When the US central bank does increase its rates, ripples will be felt across the globe. Developing countries like the Philippines will be among those affected, and one option to cope with that is for the local central bank to also raise its own rates. That will trigger adjustments in the cost of using bank credits and businesses will experience higher operating costs that will be recovered through increases in the prices of goods and services they produce.
These fears are now being manifested in big selloffs of corporate shares on stock markets worldwide. The Philippine Stock Exchange has seen its key stock price indicators plunging in recent days, with trade volumes bloated by investors unloading holdings.
Still, the local stock market index, mirroring sentiments in most bourses worldwide, has recently been hitting record highs. Some analysts say the decline this week represents more of a market correction from those highs rather than a sign of any crisis.

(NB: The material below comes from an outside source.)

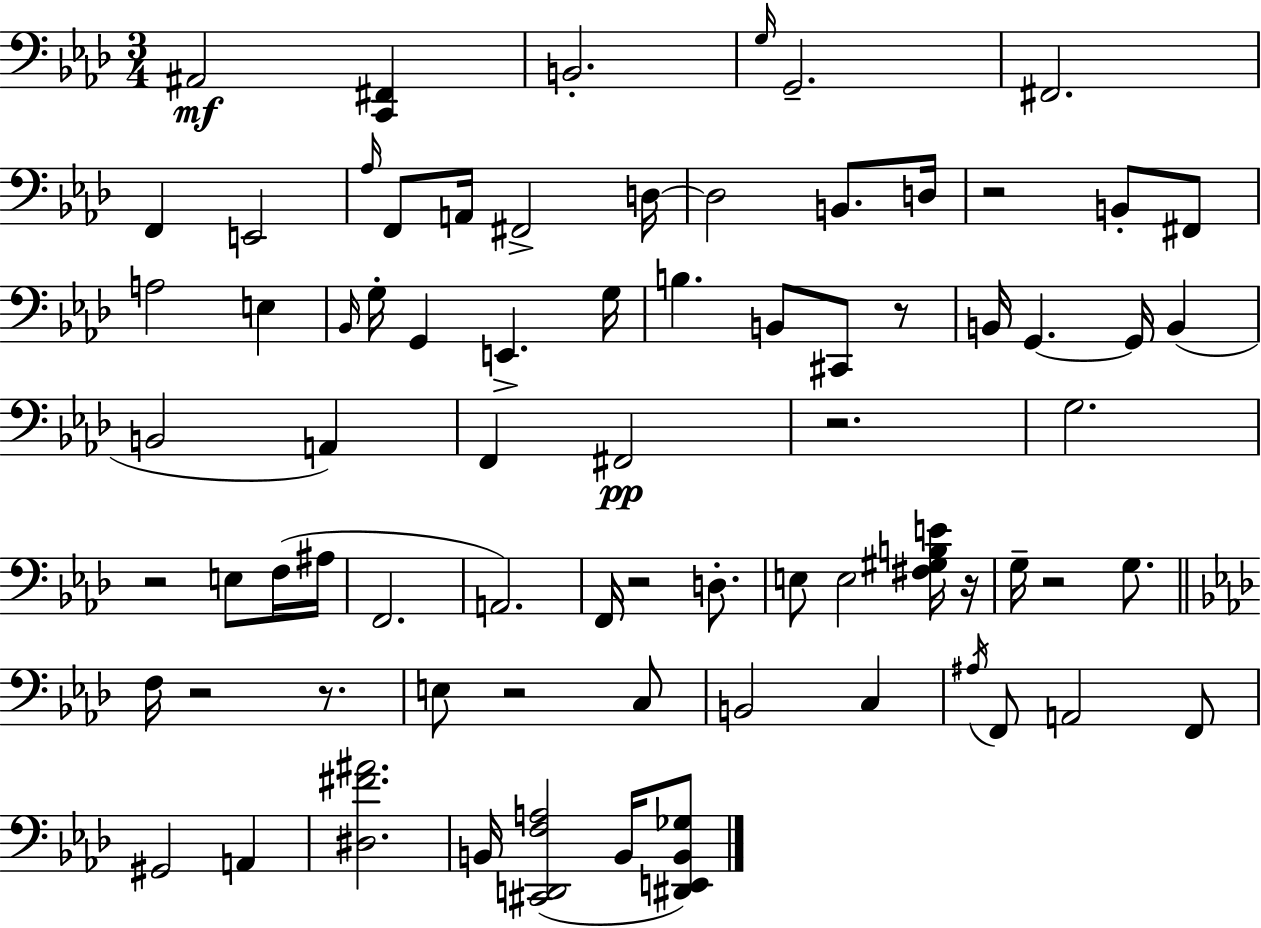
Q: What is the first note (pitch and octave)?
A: A#2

A longer term effect of the expected US rate increases will be the added cost of repaying Philippine government debts, some of them incurred only in the past few months. At end-December 2017, the national government had total outstanding debt of P6.65 trillion, an increase of nearly 9.3 percent from the year-ago amount.
Of the total, a third, or P2.21 trillion, was owed to creditors abroad. This part of the debt burden could be vulnerable to any further decline in the peso exchange rate, which this week has weakened to nearly P51.55 against the US dollar.
Pressure for increased rates on the government’s domestic borrowings, on the other hand, has grown in recent weeks, with the national treasury having to reject bid offers for Treasury bills. This pressure, according to some analysts, is not likely to go away very soon.
Disclaimer: The views in this blog are those of the blogger and do not necessarily reflect the views of ABS-CBN Corp.